• [Assignment] What is needed is every line from the one holding "天骄俊园8号院 1室1厅1卫 57平方" to the last line of the data below, printed exactly and without pictures.

=== Data excerpt ===

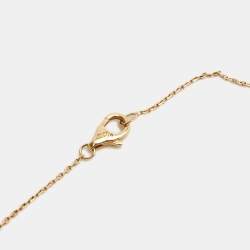 Pre Owned Cartier Amulette De Cartier Mother of Pearl Diamond 18k Yellow Gold XS Model Necklace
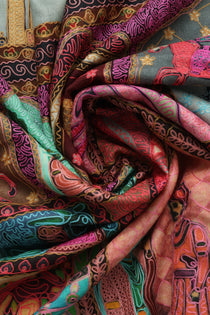 Pure Pashmina Qalamkar Mughalia Shawl - Portia Fabrics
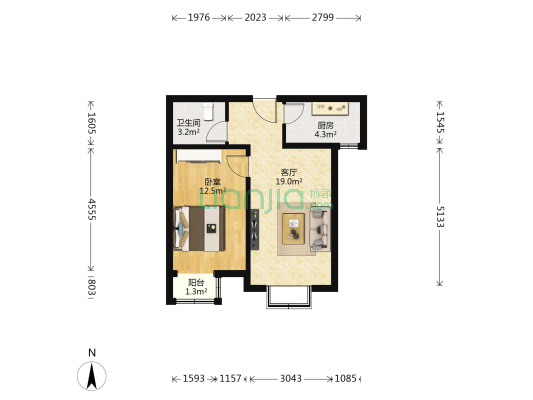 天骄俊园8号院 1室1厅1卫 57平方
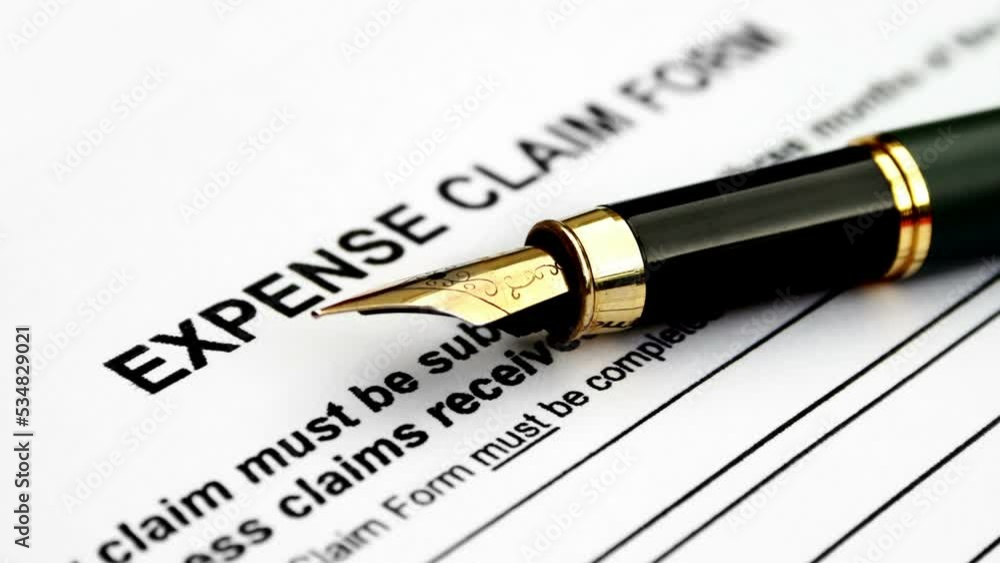 Expence claim report dolly shot Expence claim report dolly shot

===

• [Result below]
 天骄俊园8号院 1室1厅1卫 57平方
 Expence claim report dolly shot Expence claim report dolly shot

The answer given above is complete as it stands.